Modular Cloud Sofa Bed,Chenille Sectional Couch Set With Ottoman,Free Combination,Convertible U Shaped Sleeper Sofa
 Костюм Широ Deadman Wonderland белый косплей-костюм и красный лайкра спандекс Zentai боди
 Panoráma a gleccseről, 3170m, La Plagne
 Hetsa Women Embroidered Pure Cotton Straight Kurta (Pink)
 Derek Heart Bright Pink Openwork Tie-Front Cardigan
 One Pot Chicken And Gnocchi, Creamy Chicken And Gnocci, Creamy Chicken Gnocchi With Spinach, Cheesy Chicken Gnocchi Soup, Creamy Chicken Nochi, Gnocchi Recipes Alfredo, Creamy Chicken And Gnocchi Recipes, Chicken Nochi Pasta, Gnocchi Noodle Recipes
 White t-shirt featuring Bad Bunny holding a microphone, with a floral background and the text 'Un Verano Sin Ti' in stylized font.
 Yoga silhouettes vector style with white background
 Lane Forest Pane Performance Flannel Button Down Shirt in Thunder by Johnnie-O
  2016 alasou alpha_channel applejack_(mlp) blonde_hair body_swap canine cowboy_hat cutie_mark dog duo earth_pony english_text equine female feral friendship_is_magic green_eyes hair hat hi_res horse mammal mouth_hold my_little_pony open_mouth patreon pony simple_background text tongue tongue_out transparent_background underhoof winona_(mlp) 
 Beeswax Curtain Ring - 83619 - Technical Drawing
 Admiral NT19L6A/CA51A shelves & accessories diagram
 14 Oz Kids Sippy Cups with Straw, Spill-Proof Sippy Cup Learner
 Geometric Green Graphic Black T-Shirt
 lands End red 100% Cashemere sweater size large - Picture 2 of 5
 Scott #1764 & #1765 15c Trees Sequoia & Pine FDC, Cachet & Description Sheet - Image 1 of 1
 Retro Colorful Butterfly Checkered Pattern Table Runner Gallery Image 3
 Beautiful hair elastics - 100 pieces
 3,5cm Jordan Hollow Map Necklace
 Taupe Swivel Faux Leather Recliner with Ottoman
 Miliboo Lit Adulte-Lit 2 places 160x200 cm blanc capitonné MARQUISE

PROBLEM = Beginning with the line holding "lands End red" and ending with the line holding "Taupe Swivel Faux", write out the stretch of material above exactly; add no further lines.

EXERCISE ANSWER =
 lands End red 100% Cashemere sweater size large - Picture 2 of 5
 Scott #1764 & #1765 15c Trees Sequoia & Pine FDC, Cachet & Description Sheet - Image 1 of 1
 Retro Colorful Butterfly Checkered Pattern Table Runner Gallery Image 3
 Beautiful hair elastics - 100 pieces
 3,5cm Jordan Hollow Map Necklace
 Taupe Swivel Faux Leather Recliner with Ottoman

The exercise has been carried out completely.